Let’s look at the good things first. Eloqua’s strongest feature is its campaign definition interface, which manages complex, multi-step, cross-channel work flows. This feature, which Eloqua calls Program Builder, lets users create process diagrams and define what happens at each step. Users can pick from a long list of possible actions, such as selecting names from lists, sending different messages, adding or updating data, waiting a specified time period or reacting to a response. In addition to the start and end dates, actions can be assigned execution periods such as business hours or workdays. This lets the system respond differently depending on when an activity occurs, such as referring leads to the call center only when the center is actually open. Processes can follow alternative paths when a primary activity is unavailable.

Eloqua defines the available actions. Users who need a new action must ask the vendor to build it. The system does adjust automatically to user inputs, such as listing the customer’s own e-mail forms as options for an action to send an e-mail.

Users can import HTML e-mail forms from outside of Eloqua or create reusable e-mail templates within the system. Templates can incorporate contact data stored in Eloqua and may include links to other Web addresses, images or Eloqua forms. An optional module, called Hypersites, creates Web pages whose contents vary based on user-defined rules. In Eloqua’s example, a travel site displays different offers depending on the viewer’s home city. Each set of offers must be defined explicitly during page set-up. This is more work than automatically pulling offers with a database query and will impose some constraints on the sophistication of the Eloqua marketing programs.

Work flows are defined largely in terms of lists. Contacts may be added or excluded from lists based on attributes such as title or industry, on system-captured behavior such as Web page views, on actions such as replies to offers and on previous messages received from the system. List membership can be fixed when a list first is created or be updated automatically as new data appear.

Eloqua uses e-mail address as the main identifier for individuals. Each address appears only once on any list to help avoid duplicates. Anonymous Web visitors are tracked based on Internet Protocol address, which often indicates location or company. Some treatments can be tailored on this basis, such as geographic targeting or excluding competitors from lists. If Web visitors later give an e-mail address, their previous history will be linked to their new record.

Along with contacts and anonymous visitors, Eloqua’s data structure includes tables for companies and a log of events such as Web site visits and messages sent. But the system lacks tables for purchase transactions and other events that originate outside of Eloqua. Nor can users add such tables. Somewhat similarly, the system does not capture marketing campaign costs or revenues.

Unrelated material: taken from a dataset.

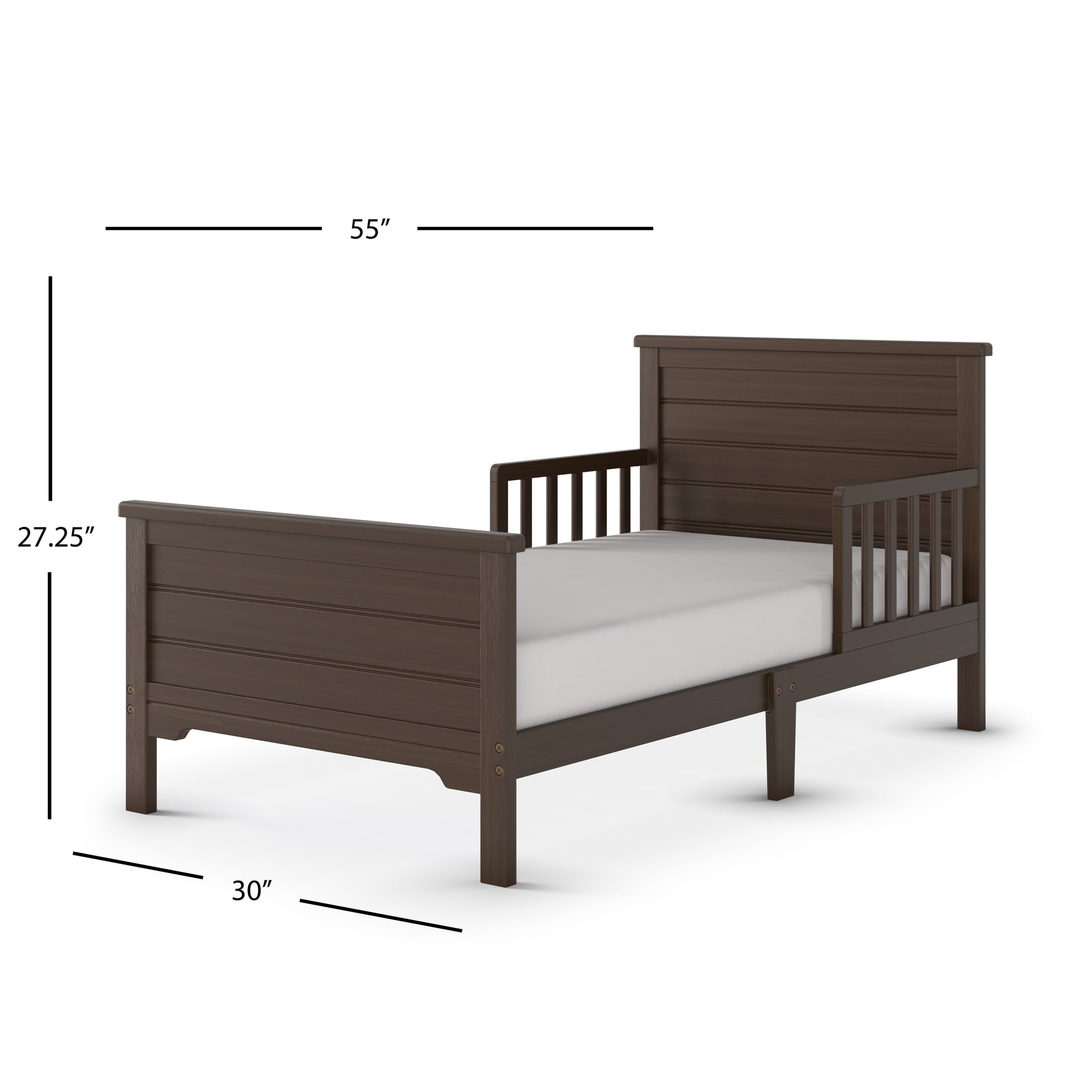 Child Craft Forever Eclectic Woodland Toddler Bed with Rails, Brushed Truffle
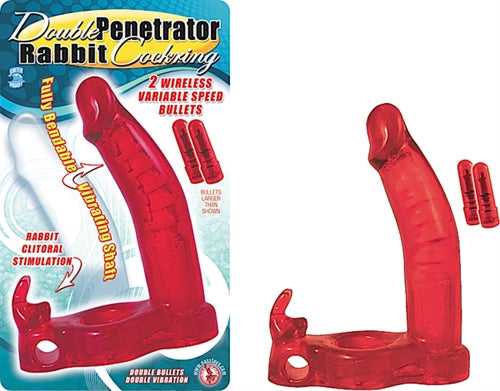 Double Penetrator Rabbit Cock Ring - Red Luxe Ember Essentials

These limits reflect Eloqua’s hosted business model, which makes customer-defined tables difficult to allow, and its role as a lead management system. Eloqua assumes that transaction history and campaign results will be stored in other systems with a comprehensive customer view. Eloqua only needs to integrate with such systems by sending them copies of Eloqua data and importing data they provide. Existing connectors allow more intimate integration with Salesforce.com and Microsoft CRM.

Eloqua does provide reporting on its own data, including statistics on work flow activity and e-mail measurements such as numbers sent, delivered, read and replied to. A Chat module uses rules to determine when to offer Web site visitors an online chat. This module includes an agent interface that displays the visitor’s history, manages the chat session itself, captures results and allows follow-up activities such as sending information and adding the visitor to an Eloqua campaign.

Pricing is based on modules purchased, number of Web and e-mail contacts and number of users. A basic offering, Eloqua Express, provides e-mail and Web activity tracking for $20,000 to $30,000 yearly. Most of the firm’s 170 clients pay $30,000 to $80,000 yearly. Eloqua began business in 1999 and has U.S., Canadian and British offices.